Universalisme introuvable par Michel Gandilhon le Mercredi 26/05/2010 à 11:30

Je viens de terminer la lecture du livre de Régis Debray. L'ouvrage est intéressant mais la partie finale consacrée aux deux Israël et aux deux judaïsmes me semble bien faible.
S'il est vrai que le sionisme fut traversé de courants idéologiques et politiques contradictoires voire antagoniques, il me semble tout de même que ce mouvement, quelles qu'aient été les contradictions qui l'animaient, se fondait sur un mythe commun, le mythe de la terre sans peuple. Et quand ledit peuple était impossible à nier, les sionistes de droite comme de gauche se retrouvaient côte à côte pour le combattre et le refouler de son espace. Le sionisme universaliste dont parle Debray n'a jamais existé. Le terme "sionisme universaliste" est d'ailleurs une contradiction dans les termes dans la mesure où le sionisme vise à instaurer un Etat juif. Même les sionistes les plus à gauche, dans leurs kibboutzs et leurs syndicats, excuaient le travail arabe. Par ailleurs, un certain marxisme ( voir Marx et les Mexicains paresseux) pouvait venir justifier une certain nombre de préjugés contre une civilisation musulmane incapable de développer les forces productives. C'est un peu la version de gauche du poste avancé de la civilisation occidentale contre la barbarie qu'évoquait Herzl quand il songeait au rôle du futur Etat, au début du mouvement. 
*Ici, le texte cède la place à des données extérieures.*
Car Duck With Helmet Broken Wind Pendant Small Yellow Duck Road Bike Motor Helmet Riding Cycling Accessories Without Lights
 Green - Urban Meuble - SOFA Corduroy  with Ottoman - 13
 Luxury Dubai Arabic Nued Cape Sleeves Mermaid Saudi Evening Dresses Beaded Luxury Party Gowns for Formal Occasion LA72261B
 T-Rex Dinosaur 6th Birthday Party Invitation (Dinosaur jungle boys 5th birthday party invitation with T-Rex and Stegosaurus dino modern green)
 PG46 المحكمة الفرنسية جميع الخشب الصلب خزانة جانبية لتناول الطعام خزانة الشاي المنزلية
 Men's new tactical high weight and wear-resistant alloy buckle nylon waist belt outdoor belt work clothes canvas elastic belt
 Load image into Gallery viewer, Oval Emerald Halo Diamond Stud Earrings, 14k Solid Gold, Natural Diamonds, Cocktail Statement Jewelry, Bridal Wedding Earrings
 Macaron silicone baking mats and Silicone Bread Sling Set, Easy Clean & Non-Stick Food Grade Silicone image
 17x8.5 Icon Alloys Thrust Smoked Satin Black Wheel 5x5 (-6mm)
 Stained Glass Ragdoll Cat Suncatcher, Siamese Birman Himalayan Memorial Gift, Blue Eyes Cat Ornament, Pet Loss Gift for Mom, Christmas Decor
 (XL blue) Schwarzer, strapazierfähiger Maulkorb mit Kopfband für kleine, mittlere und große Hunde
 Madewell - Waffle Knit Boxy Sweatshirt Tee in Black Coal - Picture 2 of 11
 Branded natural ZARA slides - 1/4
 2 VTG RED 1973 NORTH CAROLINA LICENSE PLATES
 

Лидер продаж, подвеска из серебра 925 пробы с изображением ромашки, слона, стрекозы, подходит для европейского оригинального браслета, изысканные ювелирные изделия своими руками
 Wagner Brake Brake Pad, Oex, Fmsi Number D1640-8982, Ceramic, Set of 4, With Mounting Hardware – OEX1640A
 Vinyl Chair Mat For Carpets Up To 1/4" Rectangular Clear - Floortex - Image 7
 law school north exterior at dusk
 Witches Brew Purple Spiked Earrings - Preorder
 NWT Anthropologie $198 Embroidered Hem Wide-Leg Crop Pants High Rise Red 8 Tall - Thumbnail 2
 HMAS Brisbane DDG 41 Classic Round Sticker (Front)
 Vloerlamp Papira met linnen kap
Le véritable universalisme juif est à chercher hors du mouvement sioniste, du côté du BUND notamment qui cherchait une solution à la question juive passant par l'instauration du socialisme. Cette perspective, de même que le substrat humain qui la portait, ayant été balayée par les effotrs conjugués du stalinisme et du nazisme, cette autre voix juive est marginae et ne pèse rien face à la montée des fondamentalismes.